Required work:
All lines from the first one in the listing below to the one holding "61.3 м², 3-комнатная", inclusive, are to be copied exactly.

Data provided:
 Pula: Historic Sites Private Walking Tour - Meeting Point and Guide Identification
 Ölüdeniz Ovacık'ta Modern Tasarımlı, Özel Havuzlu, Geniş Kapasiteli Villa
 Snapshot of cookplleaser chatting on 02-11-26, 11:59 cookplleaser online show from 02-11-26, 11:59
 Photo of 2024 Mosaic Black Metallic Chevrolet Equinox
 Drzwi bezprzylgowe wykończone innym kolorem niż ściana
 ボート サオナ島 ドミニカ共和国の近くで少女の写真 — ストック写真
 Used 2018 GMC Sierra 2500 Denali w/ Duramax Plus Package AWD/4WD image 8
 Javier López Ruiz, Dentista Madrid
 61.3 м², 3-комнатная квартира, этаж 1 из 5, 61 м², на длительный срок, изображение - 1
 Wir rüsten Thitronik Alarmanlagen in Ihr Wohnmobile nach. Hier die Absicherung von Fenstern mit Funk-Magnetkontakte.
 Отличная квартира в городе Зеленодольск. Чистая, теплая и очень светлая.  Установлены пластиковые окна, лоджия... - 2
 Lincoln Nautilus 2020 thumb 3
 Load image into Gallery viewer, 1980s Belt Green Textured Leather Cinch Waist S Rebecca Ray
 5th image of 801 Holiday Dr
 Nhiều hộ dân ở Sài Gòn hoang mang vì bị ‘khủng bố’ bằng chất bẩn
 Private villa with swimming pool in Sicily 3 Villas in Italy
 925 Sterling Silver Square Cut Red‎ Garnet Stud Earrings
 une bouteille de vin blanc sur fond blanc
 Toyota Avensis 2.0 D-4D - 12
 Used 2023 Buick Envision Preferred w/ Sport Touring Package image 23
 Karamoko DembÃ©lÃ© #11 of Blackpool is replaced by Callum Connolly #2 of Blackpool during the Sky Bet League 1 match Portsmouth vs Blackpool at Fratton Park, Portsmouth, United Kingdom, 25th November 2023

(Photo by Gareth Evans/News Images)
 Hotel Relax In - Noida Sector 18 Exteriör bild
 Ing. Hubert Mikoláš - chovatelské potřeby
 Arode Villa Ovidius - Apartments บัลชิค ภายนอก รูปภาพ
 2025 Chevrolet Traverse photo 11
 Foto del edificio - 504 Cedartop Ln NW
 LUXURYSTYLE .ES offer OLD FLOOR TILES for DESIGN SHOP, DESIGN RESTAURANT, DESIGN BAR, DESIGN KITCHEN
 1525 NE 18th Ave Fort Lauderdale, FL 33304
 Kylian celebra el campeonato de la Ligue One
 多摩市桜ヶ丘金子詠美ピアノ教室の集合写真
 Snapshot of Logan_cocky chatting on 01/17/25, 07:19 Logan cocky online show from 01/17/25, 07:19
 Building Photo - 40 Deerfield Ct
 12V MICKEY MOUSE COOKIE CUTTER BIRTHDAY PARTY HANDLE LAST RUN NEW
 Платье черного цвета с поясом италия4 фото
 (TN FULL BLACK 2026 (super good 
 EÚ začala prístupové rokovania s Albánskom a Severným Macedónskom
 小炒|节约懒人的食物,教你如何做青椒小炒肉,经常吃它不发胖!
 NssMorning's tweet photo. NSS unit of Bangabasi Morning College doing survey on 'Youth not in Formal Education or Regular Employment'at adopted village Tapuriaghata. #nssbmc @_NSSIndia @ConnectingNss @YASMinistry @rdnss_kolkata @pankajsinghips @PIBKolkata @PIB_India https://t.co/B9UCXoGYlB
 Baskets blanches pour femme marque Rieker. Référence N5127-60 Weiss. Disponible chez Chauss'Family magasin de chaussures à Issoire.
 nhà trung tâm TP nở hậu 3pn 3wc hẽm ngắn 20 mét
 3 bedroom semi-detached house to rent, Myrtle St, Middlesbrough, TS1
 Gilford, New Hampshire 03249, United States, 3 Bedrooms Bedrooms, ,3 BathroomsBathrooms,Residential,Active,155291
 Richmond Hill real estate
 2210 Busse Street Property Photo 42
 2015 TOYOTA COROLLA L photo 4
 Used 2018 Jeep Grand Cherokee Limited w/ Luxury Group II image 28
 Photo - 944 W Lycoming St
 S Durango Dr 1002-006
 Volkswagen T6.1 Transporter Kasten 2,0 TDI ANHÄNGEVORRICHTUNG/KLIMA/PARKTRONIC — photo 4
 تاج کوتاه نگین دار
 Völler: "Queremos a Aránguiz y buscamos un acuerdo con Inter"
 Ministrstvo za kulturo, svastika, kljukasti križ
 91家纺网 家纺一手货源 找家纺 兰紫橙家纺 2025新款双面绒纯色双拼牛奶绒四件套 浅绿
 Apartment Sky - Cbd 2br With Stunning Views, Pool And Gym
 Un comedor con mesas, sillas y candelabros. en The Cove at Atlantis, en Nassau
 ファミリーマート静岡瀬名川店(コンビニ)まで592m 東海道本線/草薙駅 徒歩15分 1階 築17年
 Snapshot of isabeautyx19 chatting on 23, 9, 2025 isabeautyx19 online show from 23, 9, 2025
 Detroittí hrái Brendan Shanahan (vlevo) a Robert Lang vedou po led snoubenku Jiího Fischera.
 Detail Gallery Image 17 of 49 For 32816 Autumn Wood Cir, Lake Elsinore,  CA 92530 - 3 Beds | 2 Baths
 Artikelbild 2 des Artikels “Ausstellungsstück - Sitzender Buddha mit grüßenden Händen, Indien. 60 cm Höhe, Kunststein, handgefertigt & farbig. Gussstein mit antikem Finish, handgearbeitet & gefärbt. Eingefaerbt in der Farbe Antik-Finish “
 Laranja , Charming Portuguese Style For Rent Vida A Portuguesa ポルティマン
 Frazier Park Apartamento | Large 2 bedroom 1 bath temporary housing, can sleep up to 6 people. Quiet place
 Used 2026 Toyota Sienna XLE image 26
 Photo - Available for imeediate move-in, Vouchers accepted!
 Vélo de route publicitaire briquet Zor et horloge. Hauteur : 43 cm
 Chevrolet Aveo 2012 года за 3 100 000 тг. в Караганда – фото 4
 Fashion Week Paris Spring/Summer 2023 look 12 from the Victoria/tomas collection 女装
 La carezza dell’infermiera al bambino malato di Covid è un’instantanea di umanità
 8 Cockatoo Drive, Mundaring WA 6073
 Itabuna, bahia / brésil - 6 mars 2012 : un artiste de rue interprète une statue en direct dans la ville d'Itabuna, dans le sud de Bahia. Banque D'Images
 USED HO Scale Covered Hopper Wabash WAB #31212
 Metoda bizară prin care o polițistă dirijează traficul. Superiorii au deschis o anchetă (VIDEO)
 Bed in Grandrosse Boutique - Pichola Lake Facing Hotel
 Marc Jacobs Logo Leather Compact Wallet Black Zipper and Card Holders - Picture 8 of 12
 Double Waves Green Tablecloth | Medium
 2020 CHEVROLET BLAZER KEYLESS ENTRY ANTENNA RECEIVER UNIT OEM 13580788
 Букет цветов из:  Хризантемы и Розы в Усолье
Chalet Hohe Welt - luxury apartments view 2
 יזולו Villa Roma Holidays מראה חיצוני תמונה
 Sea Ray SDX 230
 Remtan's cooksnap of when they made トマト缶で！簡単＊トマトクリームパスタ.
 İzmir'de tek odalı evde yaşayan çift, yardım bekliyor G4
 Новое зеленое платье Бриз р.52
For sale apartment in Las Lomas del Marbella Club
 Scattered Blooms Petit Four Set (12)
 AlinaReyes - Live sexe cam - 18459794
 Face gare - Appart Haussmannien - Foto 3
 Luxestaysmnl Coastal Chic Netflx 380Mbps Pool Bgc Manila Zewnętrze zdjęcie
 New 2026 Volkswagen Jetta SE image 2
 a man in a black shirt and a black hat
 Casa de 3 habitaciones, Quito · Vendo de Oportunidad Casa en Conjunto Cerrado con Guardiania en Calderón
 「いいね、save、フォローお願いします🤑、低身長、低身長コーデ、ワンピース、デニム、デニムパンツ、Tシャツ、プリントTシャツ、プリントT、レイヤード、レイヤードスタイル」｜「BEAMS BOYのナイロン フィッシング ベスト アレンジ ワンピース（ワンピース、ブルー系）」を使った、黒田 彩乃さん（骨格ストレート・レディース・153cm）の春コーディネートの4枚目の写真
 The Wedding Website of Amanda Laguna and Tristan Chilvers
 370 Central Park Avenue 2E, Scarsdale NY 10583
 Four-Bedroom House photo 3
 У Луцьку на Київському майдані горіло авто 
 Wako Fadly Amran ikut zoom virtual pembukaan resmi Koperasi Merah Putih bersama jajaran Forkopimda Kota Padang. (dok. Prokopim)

Your solution:
 Pula: Historic Sites Private Walking Tour - Meeting Point and Guide Identification
 Ölüdeniz Ovacık'ta Modern Tasarımlı, Özel Havuzlu, Geniş Kapasiteli Villa
 Snapshot of cookplleaser chatting on 02-11-26, 11:59 cookplleaser online show from 02-11-26, 11:59
 Photo of 2024 Mosaic Black Metallic Chevrolet Equinox
 Drzwi bezprzylgowe wykończone innym kolorem niż ściana
 ボート サオナ島 ドミニカ共和国の近くで少女の写真 — ストック写真
 Used 2018 GMC Sierra 2500 Denali w/ Duramax Plus Package AWD/4WD image 8
 Javier López Ruiz, Dentista Madrid
 61.3 м², 3-комнатная квартира, этаж 1 из 5, 61 м², на длительный срок, изображение - 1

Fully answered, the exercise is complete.